Copy the listing below letter for letter, passing over each picture.

[Provided material]

..........

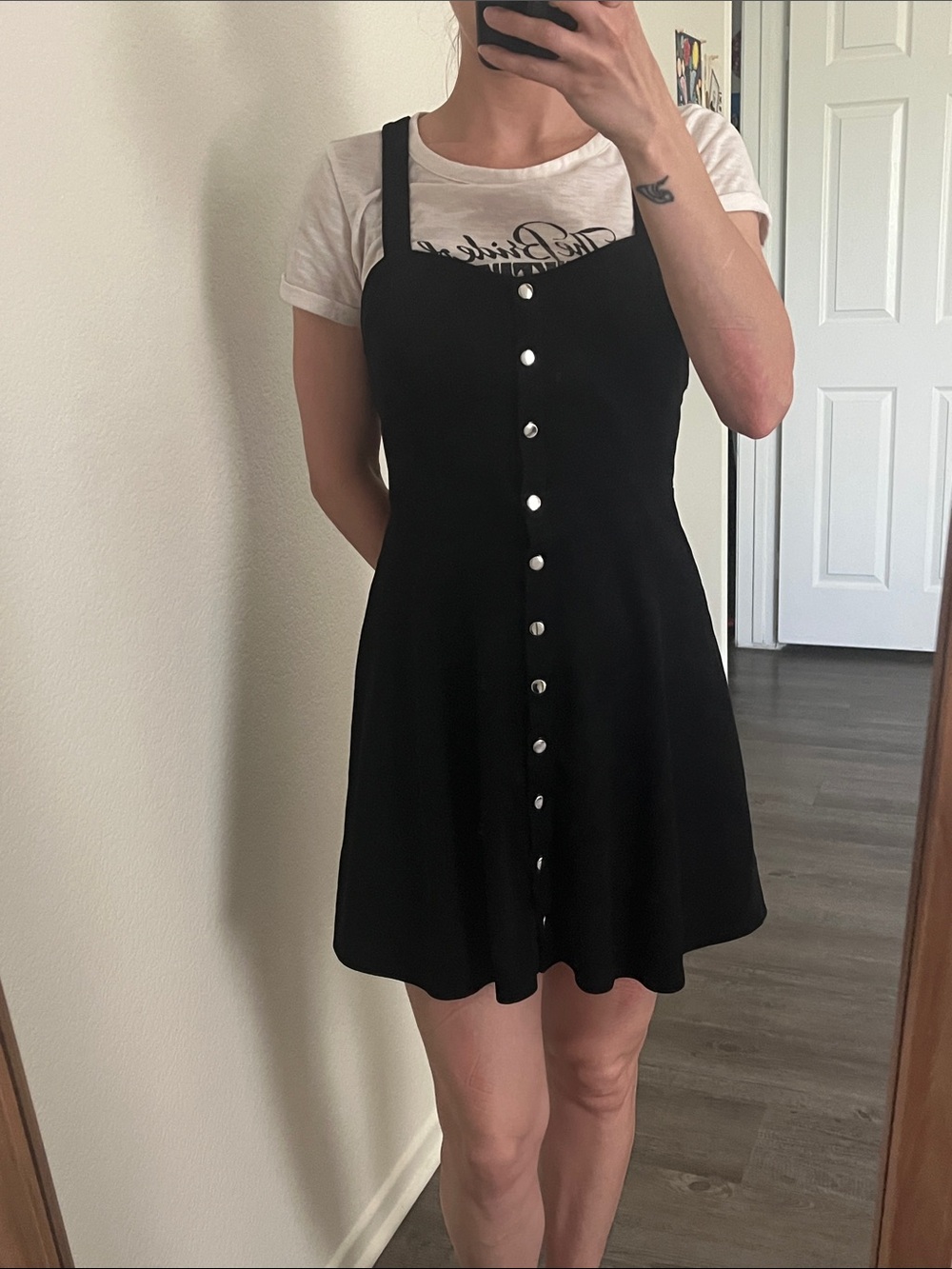 Forever 21 Black Button-Front Mini Dress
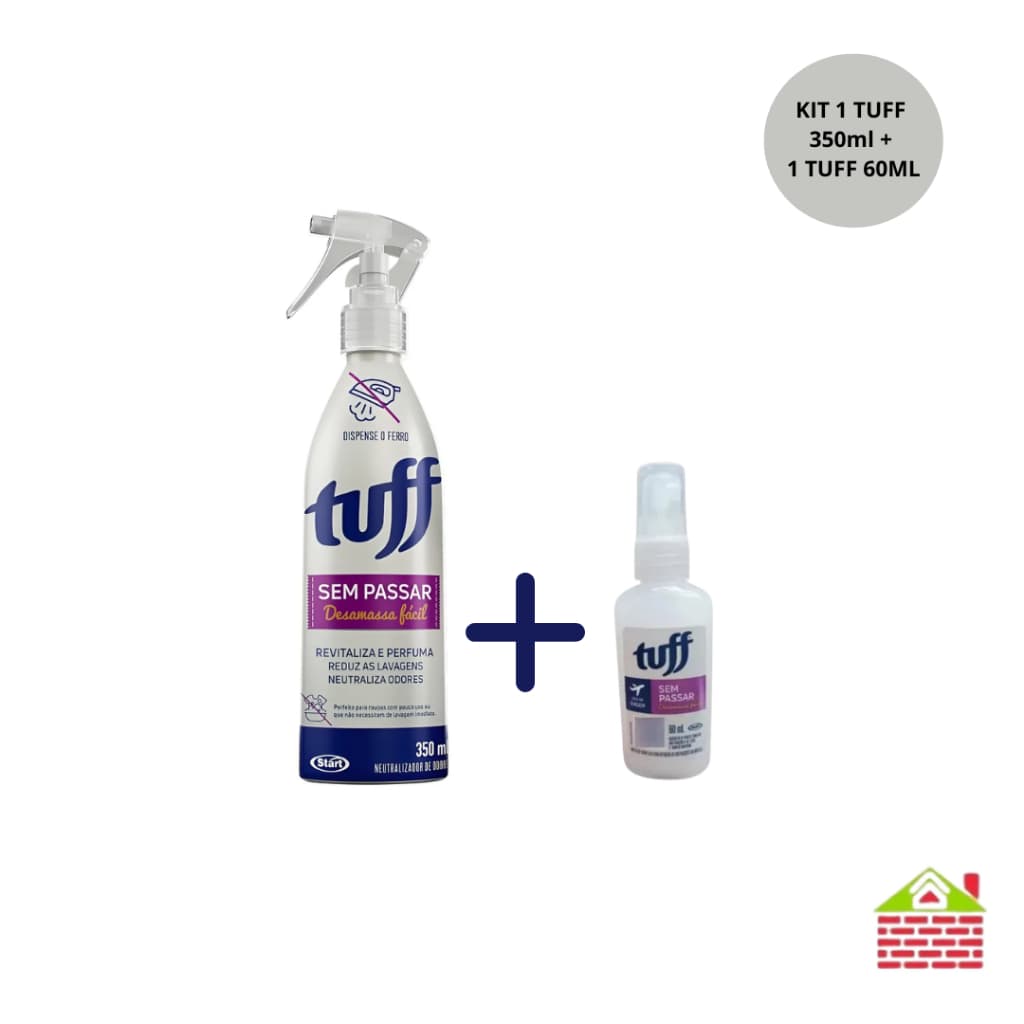 Kit Tuff Sem Passar 350ml + 60ml Desamassa Fácil Dispensa Ferro Spray Revitaliza Perfuma Roupa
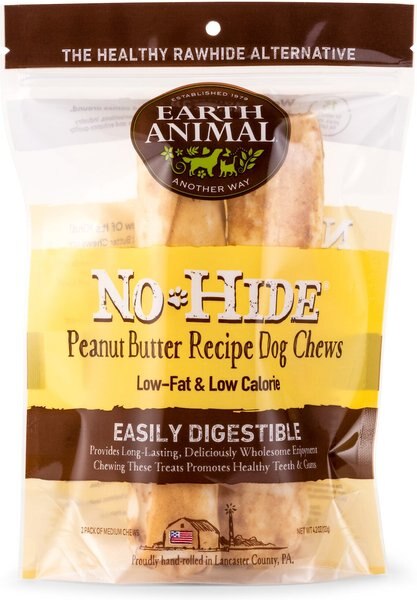 Earth Animal No-Hide Long Lasting Natural Rawhide Alternative Peanut Butter Recipe Medium Chew Dog Treats， 2 count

..........

[Exercise response]
 Forever 21 Black Button-Front Mini Dress
 Kit Tuff Sem Passar 350ml + 60ml Desamassa Fácil Dispensa Ferro Spray Revitaliza Perfuma Roupa
 Earth Animal No-Hide Long Lasting Natural Rawhide Alternative Peanut Butter Recipe Medium Chew Dog Treats， 2 count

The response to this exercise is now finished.